Fix BufferedTokenizer to properly resume after a buffer full condition respecting the encoding of the input string #16968

andsel · 2025-01-28T11:28:19Z

Release notes

[rn:skip]

What does this PR do?

This is a second take to fix the processing of tokens from the tokenizer after a buffer full error. The first try #16482 was rollbacked to the encoding error #16694.
The first try failed on returning the tokens in the same encoding of the input.
This PR does a couple of things:

accumulates the tokens, so that after a full condition can resume with the next tokens after the offending one.
respect the encoding of the input string. Use concat method instead of addAll, which avoid to convert RubyString to String and back to RubyString. When return the head StringBuilder it enforce the encoding with the input charset.

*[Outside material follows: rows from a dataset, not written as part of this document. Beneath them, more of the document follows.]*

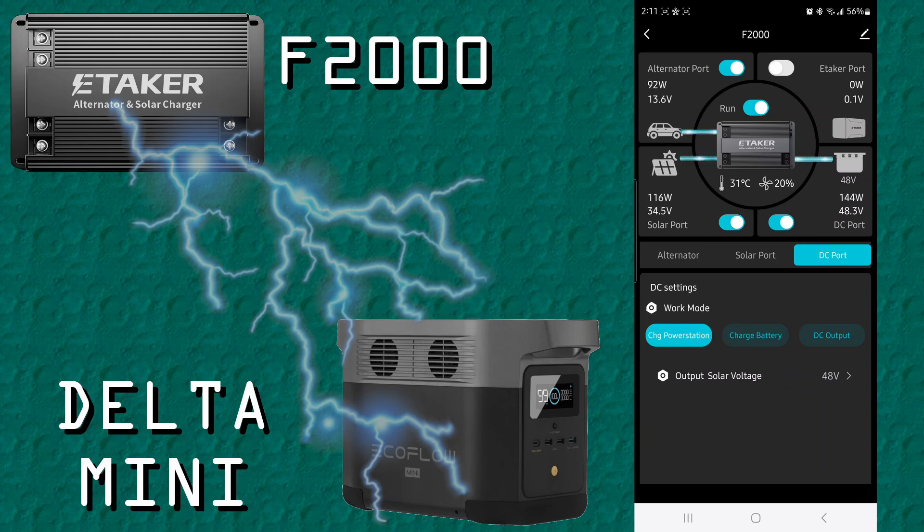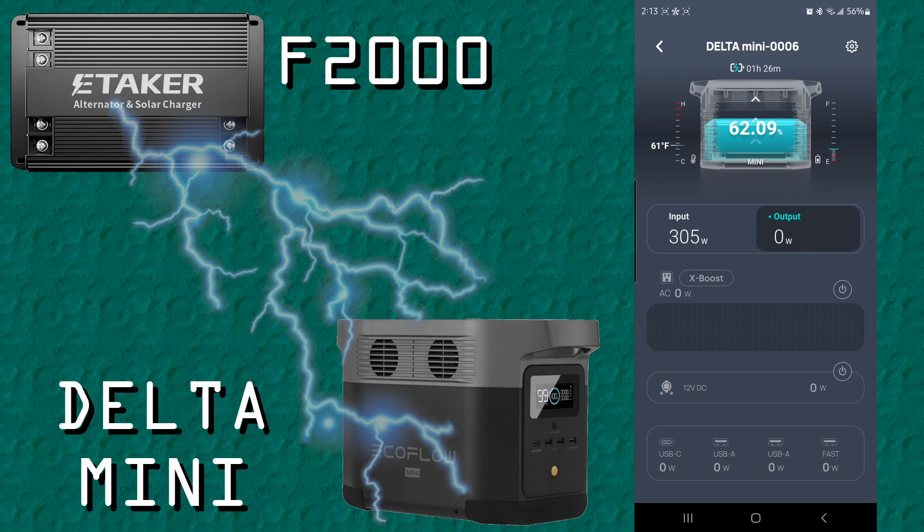We're pumping 48.3 volts. Now we need to know the limit of the EcoFlow Mini. Even though it accepts up to 75 volts max and 10 amps, the maximum charge is 300 watts — not 750 watts. So we are being limited by that. We're hitting 96 watts from the DC port, and the alternator port is sharing 162 watts in addition to 124 watts from solar, equaling 300 watts. Let's check the EcoFlow app — it shows 305 watts, which matches the eTaker app numbers.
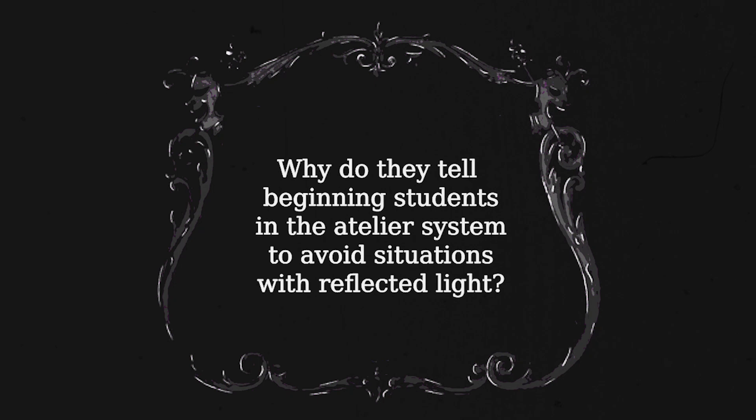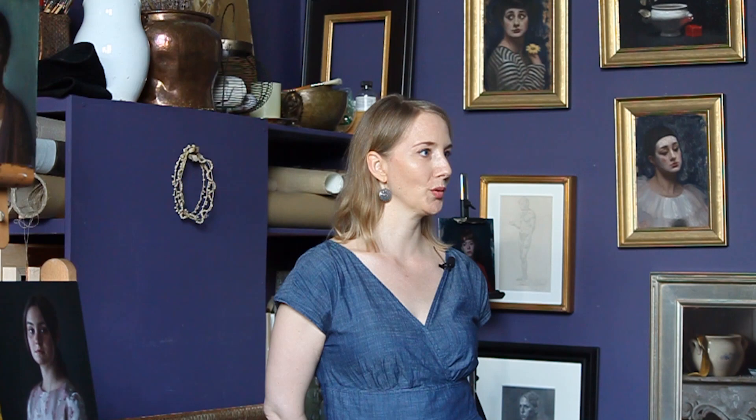Why do they tell beginning students in the atelier system to avoid situations with reflective light? Because drawing 101 is learning how to simplify and learning which information really matters versus things that can be added later. The reflections in the shadow have very little merit insofar as structure goes, whereas the structural definition of the shadow shape is in the contour.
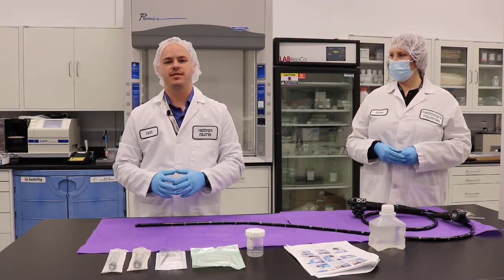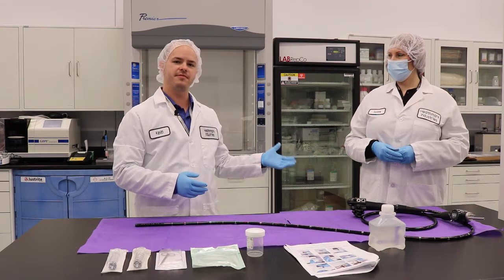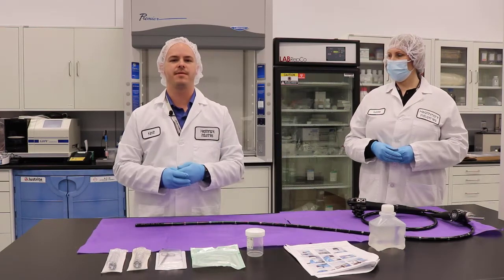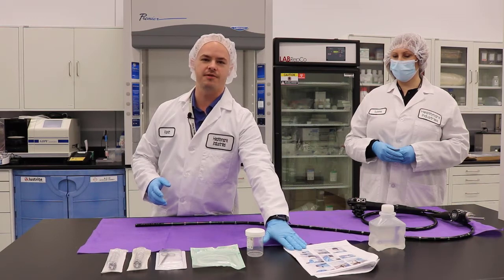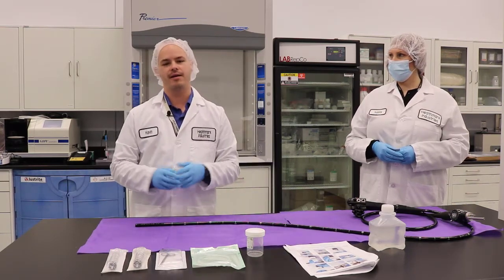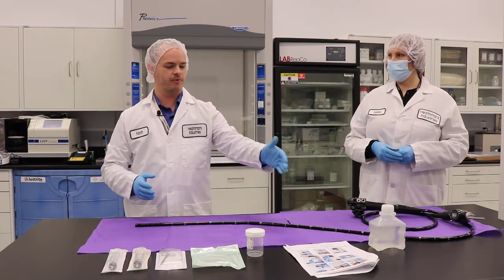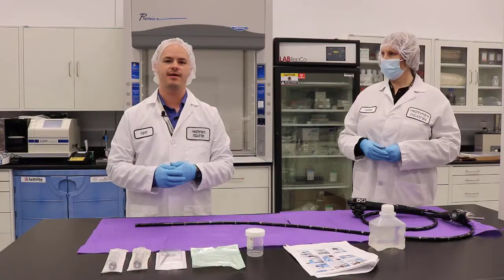Before we get started with the sampling procedure, it's important to remember to have two people. I have with me a facilitator and I will be the sampler. We also want to have our instructions for use handy because we're going to follow those to a T. We will start with step one of the sampling procedure and show you exactly how that's done.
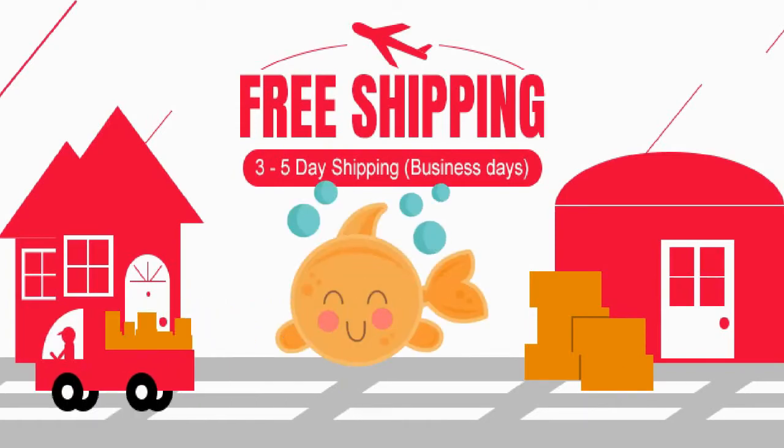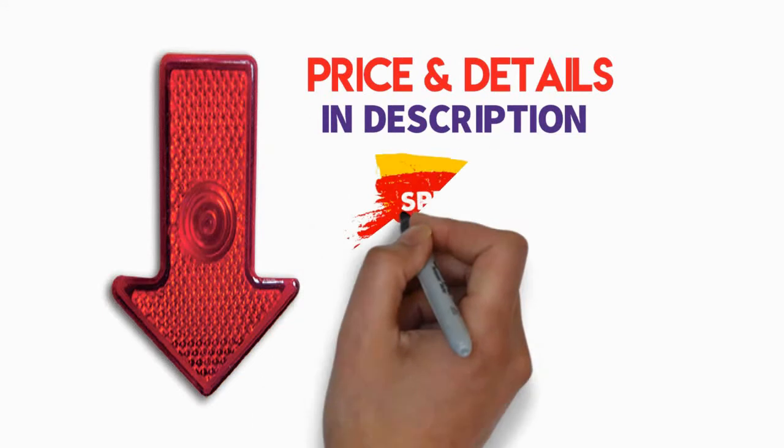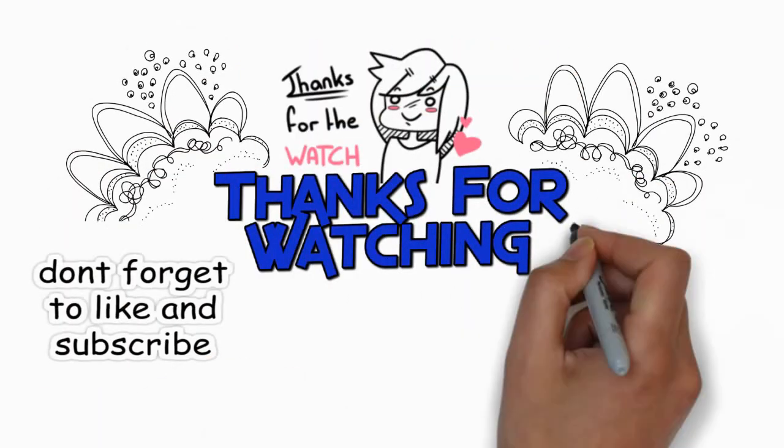You can buy it with free shipping from here. So if you don't miss the chance to buy this awesome product, check the description below for price and details. And buy it with special price. Don't forget to add to cart if you need. Thanks for watching, don't forget to like, share and subscribe.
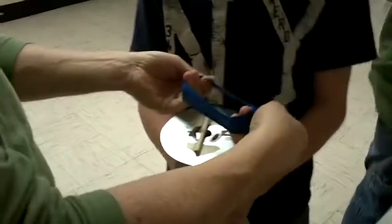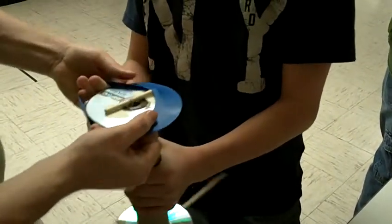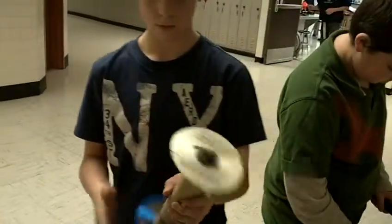Cut the top and the bottom off. You're holding it really firm, okay. Alright, hold up so we can see it.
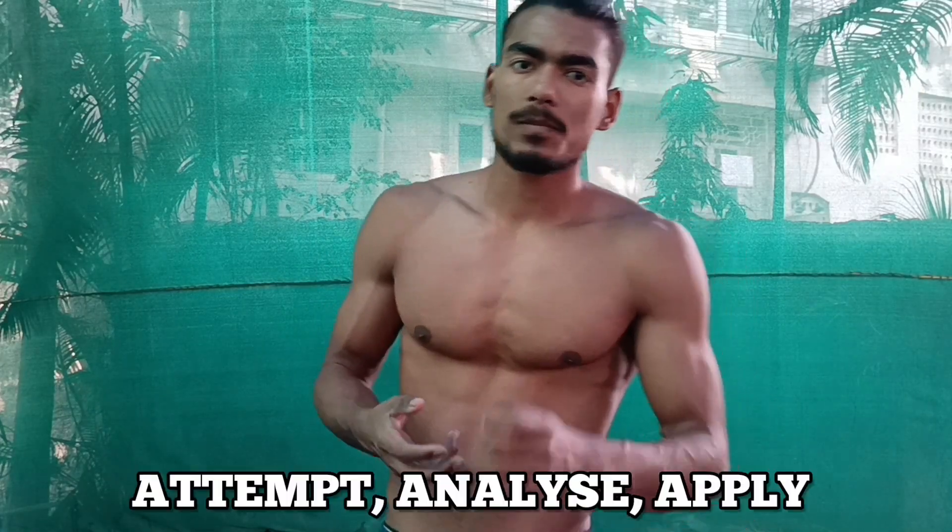You have to give hundreds, even thousands of attempts, and analyze each and every attempt — what you did wrong, what you did right — and then apply those observations. I'm done with my points and I hope this video helps you with your handstand. Let me know where you are stuck by texting me on Instagram so I can help you with your progression. Thank you for watching and hope to see you soon.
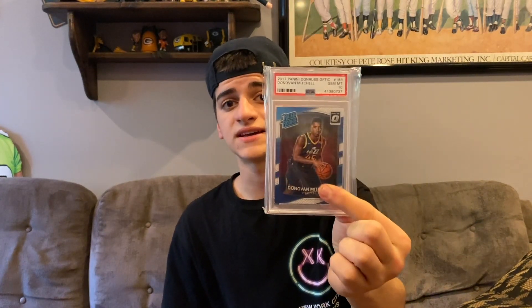Graded sports cards are basically what you get when you buy raw cards — off eBay, Facebook, from a friend, or from ripping packs — and you send that card into a grading company so the value increases. What I mean is, if your card is graded rather than raw, the value goes up tremendously. For example, this PSA 10 Donovan Mitchell is going for about $70 to $75, and right here I was able to buy three raw ones for around $25.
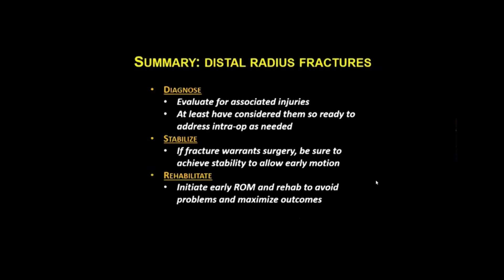In summary, the distal radius fracture should be approached in several key steps: first, diagnose it and evaluate for associated injuries so you're ready to address them intraoperatively. Stabilize the fracture — if surgery is warranted, achieve stability to allow early motion. Then rehabilitate: initiate early range of motion and rehab to avoid problems and maximize outcomes.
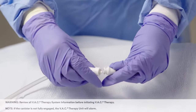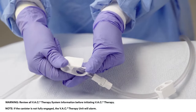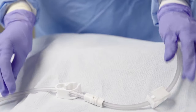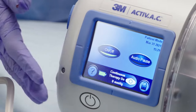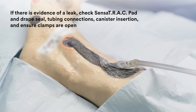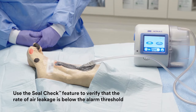Connect the sensor track pad tubing to the canister tubing and ensure the clamp on each tube is open. Position clamps away from the patient. Turn on power to the VAC therapy unit and select prescribed therapy setting. Assess the dressing to ensure seal integrity. The dressing should be collapsed and have a wrinkled appearance. There should be no hissing sounds.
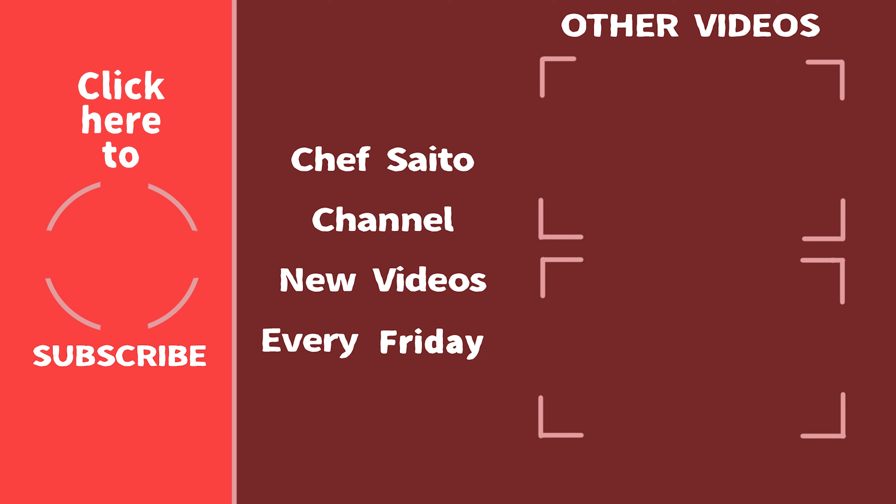Good. So thank you for watching today — it was a great episode. Please comment and let us know what you'd like me to cook in future episodes. And don't forget to subscribe. The channel is growing — thank you very much, we appreciate it. See you next week, everyone — more nice episodes coming. Bye, thank you very much, bye!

Why is it important/What is the impact to the user?

Permit to use effectively the tokenizer also in context where a line is bigger than a limit.

Checklist

My code follows the style guidelines of this project
I have commented my code, particularly in hard-to-understand areas
~~[ ] I have made corresponding changes to the documentation~~
~~[ ] I have made corresponding change to the default configuration files (and/or docker env variables)~~
I have added tests that prove my fix is effective or that my feature works

Author's Checklist

[ ]

How to test this PR locally

The test plan has two sides:

one to check that the behaviour of size limiting acts as expected. In such case follow the instructions in BufferedTokenizer doesn't dice correctly the payload when restart processing after buffer full error #16483.
the other to verify the encoding is respected.

How to test the encoding is respected

Startup a REPL with Logstash and exercise the tokenizer:

$> bin/logstash -i irb
> buftok = FileWatch::BufferedTokenizer.new
> buftok.extract("\xA3".force_encoding("ISO8859-1")); buftok.flush.bytes

or use the following script

require 'socket'

hostname = 'localhost'
port = 1234

socket = TCPSocket.open(hostname, port)

text = "\xA3" # the £ symbol in ISO-8859-1 aka Latin-1
text.force_encoding("ISO-8859-1")
socket.puts(text)

socket.close

with the Logstash run as

bin/logstash -e "input { tcp { port => 1234 codec => line { charset => 'ISO8859-1' } } } output { stdout { codec => rubydebug } }"

In the output the £ as to be present and not Â£

Related issues

github-actions · 2025-01-31T11:48:22Z

It looks like this PR modifies one or more .asciidoc files. These files are being migrated to Markdown, and any changes merged now will be lost. See the migration guide for details.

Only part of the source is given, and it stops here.